Al menos siete personas resultaron heridas este sábado tras un nuevo bombardeo israelí en el sur de Líbano, en medio de la creciente tensión que persiste pese al alto el fuego que oficialmente continúa vigente entre las partes.
Según informaron las Fuerzas de Defensa de Israel, el ataque estuvo dirigido contra presuntos integrantes del grupo chií Hezbolá que, al parecer, transportaban armamento dentro de una zona de seguridad bajo control militar israelí en territorio libanés.

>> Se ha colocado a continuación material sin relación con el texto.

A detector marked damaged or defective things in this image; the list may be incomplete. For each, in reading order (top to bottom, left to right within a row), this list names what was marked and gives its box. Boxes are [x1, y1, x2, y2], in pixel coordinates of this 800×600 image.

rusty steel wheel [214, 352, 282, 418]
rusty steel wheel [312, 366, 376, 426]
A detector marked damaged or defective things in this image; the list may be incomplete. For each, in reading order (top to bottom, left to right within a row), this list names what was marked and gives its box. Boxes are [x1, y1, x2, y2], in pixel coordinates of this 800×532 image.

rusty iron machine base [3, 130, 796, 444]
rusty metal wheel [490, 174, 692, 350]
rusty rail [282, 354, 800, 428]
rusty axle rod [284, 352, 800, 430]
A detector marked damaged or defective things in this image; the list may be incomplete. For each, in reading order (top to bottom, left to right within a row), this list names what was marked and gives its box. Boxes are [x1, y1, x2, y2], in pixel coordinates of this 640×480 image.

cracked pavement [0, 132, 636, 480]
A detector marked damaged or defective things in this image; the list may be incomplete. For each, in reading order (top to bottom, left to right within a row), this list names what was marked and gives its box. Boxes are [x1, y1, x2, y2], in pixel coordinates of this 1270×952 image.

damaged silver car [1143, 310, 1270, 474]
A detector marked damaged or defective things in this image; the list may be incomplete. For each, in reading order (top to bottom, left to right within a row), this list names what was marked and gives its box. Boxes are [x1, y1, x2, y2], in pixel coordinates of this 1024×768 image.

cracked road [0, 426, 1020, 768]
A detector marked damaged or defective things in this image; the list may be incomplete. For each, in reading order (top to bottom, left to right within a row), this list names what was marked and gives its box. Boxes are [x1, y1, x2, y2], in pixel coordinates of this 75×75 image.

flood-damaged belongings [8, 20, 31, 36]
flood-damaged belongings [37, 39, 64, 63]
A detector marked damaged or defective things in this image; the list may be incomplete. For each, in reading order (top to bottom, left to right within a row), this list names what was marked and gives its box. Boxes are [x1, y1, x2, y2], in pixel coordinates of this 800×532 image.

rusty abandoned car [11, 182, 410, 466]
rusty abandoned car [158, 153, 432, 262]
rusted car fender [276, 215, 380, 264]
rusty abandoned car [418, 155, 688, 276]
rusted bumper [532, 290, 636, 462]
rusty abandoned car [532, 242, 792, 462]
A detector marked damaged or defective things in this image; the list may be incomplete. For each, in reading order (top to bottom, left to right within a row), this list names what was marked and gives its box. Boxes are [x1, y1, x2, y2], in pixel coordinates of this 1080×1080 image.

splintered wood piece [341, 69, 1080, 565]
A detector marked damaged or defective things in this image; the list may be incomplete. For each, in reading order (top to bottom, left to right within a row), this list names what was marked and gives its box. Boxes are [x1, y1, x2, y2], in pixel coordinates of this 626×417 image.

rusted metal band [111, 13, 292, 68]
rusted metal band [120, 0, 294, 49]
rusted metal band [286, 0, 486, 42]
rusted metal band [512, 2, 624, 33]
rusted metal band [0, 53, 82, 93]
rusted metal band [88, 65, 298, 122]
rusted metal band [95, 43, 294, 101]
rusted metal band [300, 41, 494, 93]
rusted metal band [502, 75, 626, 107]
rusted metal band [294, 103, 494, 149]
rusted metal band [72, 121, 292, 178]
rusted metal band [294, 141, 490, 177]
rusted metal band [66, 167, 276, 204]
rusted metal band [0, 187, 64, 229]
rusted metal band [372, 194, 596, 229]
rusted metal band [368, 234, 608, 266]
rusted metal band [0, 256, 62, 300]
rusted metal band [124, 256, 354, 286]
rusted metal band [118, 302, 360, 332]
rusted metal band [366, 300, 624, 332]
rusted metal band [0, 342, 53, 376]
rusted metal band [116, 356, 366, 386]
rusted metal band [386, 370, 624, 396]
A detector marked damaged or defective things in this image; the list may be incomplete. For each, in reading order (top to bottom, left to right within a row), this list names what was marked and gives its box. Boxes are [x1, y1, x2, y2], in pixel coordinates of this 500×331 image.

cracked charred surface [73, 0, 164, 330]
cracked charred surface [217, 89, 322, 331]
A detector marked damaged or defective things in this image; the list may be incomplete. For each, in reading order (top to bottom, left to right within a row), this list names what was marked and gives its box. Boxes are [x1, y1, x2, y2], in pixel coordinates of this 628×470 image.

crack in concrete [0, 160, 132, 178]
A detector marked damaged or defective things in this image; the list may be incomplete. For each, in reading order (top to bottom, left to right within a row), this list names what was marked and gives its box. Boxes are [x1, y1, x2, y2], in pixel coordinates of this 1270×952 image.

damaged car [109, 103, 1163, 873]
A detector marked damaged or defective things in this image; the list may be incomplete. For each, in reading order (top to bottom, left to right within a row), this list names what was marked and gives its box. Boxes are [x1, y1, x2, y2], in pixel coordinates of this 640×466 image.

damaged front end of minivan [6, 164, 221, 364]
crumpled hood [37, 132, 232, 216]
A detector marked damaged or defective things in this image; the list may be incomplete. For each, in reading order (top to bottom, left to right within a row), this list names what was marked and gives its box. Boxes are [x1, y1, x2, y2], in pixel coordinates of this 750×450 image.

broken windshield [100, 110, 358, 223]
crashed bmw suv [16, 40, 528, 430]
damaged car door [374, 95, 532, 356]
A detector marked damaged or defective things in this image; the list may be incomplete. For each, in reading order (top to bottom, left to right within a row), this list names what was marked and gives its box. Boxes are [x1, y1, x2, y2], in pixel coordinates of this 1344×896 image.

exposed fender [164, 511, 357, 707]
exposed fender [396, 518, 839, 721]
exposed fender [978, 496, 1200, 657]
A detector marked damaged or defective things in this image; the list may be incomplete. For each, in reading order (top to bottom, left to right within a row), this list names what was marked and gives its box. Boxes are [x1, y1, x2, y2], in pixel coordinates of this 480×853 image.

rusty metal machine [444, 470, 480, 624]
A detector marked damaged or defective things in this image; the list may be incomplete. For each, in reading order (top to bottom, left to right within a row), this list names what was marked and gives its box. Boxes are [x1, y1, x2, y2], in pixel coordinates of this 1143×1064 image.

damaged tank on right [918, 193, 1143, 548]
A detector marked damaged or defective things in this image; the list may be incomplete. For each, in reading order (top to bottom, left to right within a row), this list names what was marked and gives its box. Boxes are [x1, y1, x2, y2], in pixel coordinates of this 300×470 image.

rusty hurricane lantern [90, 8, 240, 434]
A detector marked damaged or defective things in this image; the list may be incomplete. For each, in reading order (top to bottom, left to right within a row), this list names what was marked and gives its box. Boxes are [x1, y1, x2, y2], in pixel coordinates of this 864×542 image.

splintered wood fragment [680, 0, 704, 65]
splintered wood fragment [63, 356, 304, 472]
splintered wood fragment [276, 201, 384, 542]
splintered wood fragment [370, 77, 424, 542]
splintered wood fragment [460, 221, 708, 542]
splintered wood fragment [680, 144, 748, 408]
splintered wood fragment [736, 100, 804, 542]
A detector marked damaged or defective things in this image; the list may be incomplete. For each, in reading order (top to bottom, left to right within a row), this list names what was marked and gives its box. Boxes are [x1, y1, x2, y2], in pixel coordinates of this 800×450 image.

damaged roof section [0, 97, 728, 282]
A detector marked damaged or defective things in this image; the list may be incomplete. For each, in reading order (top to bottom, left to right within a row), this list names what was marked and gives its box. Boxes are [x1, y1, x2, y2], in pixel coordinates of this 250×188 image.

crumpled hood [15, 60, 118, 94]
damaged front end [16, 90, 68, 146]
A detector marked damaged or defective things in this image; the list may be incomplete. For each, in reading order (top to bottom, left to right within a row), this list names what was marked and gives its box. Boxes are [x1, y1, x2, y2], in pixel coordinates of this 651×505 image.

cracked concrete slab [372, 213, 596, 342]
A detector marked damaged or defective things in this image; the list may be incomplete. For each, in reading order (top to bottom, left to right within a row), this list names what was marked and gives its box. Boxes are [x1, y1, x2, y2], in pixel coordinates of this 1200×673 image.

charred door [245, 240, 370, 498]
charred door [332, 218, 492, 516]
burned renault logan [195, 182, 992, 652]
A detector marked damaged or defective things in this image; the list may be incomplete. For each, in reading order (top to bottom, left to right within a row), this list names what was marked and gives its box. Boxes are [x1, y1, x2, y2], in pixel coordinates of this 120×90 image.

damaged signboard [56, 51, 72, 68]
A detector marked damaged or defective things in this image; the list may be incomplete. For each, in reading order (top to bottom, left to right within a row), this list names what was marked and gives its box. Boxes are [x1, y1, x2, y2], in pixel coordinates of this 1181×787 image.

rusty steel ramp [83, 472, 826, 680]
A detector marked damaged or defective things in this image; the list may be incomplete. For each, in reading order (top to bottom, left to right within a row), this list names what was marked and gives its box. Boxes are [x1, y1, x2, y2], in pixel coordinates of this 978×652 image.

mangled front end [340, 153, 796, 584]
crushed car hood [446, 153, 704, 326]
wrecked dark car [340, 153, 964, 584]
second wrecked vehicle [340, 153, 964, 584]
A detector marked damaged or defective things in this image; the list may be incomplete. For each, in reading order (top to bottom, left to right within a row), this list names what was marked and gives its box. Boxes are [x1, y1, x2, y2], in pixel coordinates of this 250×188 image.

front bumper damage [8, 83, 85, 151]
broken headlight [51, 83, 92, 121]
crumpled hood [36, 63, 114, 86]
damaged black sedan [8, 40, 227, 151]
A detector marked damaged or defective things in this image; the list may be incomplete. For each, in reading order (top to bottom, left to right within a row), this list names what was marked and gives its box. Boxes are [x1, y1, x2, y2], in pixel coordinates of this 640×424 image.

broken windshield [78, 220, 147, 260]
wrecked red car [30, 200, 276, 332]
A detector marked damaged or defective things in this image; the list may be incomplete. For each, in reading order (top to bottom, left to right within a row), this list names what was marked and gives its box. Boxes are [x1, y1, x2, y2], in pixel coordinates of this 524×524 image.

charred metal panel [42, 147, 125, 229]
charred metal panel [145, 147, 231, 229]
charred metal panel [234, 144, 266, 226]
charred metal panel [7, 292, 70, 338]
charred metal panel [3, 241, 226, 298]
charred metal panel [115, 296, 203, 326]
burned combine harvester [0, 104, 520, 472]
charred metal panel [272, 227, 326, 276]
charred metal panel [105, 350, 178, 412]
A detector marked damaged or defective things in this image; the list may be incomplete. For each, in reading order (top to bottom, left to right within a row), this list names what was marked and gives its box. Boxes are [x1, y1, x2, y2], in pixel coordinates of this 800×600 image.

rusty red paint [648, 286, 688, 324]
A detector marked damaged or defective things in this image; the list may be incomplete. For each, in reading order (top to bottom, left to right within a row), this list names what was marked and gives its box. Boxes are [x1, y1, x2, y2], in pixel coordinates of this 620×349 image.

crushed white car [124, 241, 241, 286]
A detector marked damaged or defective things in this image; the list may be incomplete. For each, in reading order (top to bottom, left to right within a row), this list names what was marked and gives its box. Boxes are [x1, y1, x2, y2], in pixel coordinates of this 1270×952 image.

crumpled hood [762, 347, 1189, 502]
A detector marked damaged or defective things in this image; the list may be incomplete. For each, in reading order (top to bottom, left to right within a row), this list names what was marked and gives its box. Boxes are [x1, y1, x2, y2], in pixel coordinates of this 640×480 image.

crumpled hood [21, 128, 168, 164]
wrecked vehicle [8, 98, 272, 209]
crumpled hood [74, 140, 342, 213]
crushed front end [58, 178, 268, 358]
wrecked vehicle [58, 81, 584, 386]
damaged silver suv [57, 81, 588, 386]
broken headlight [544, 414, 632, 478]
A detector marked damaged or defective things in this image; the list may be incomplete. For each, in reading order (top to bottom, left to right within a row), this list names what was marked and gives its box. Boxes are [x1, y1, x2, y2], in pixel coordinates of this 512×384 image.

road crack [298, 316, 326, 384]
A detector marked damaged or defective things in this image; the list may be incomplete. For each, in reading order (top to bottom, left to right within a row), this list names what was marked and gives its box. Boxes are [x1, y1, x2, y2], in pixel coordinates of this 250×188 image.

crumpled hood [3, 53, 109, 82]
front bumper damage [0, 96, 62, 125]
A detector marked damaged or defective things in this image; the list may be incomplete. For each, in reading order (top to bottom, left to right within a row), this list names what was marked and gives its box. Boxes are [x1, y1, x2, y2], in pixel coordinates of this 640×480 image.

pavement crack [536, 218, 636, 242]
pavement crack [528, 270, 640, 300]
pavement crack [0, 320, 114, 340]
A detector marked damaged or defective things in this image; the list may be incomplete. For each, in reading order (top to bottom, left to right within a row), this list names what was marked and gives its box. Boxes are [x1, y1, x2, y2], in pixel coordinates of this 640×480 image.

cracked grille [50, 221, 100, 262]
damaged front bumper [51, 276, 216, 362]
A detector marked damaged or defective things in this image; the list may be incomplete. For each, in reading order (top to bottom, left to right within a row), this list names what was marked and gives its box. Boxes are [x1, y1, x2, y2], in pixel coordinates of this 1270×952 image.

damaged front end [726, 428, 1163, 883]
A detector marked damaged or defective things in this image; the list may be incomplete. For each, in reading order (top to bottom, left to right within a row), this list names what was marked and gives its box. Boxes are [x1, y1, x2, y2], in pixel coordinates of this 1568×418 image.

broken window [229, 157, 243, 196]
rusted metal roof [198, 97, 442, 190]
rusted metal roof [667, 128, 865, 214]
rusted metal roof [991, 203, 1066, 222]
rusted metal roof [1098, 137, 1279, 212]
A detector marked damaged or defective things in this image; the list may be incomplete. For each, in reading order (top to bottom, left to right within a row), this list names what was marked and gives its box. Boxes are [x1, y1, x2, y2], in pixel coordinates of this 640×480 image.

El bombardeo se registró en la localidad de Mansuri, cerca de la ciudad costera de Tiro. De acuerdo con medios oficiales libaneses, dos de los heridos fueron atendidos en el lugar de los hechos, mientras que otros cinco tuvieron que ser trasladados a centros asistenciales de la región.
Las autoridades israelíes señalaron que los sospechosos fueron detectados por tropas de la División Galilea cuando ingresaban en la zona a bordo de un vehículo y trasladaban misiles antitanque hacia un edificio. Posteriormente, la Fuerza Aérea atacó la estructura con el objetivo de neutralizar la supuesta amenaza.
Israel aseguró que, tras el bombardeo, se produjeron explosiones secundarias en el inmueble, lo que, según su versión, evidenciaría la presencia de material explosivo en el lugar.
El incidente se suma a una serie de acciones militares registradas en las últimas semanas en la frontera entre Israel y Líbano, una zona que continúa siendo foco de preocupación internacional pese a los acuerdos de cese al fuego vigentes.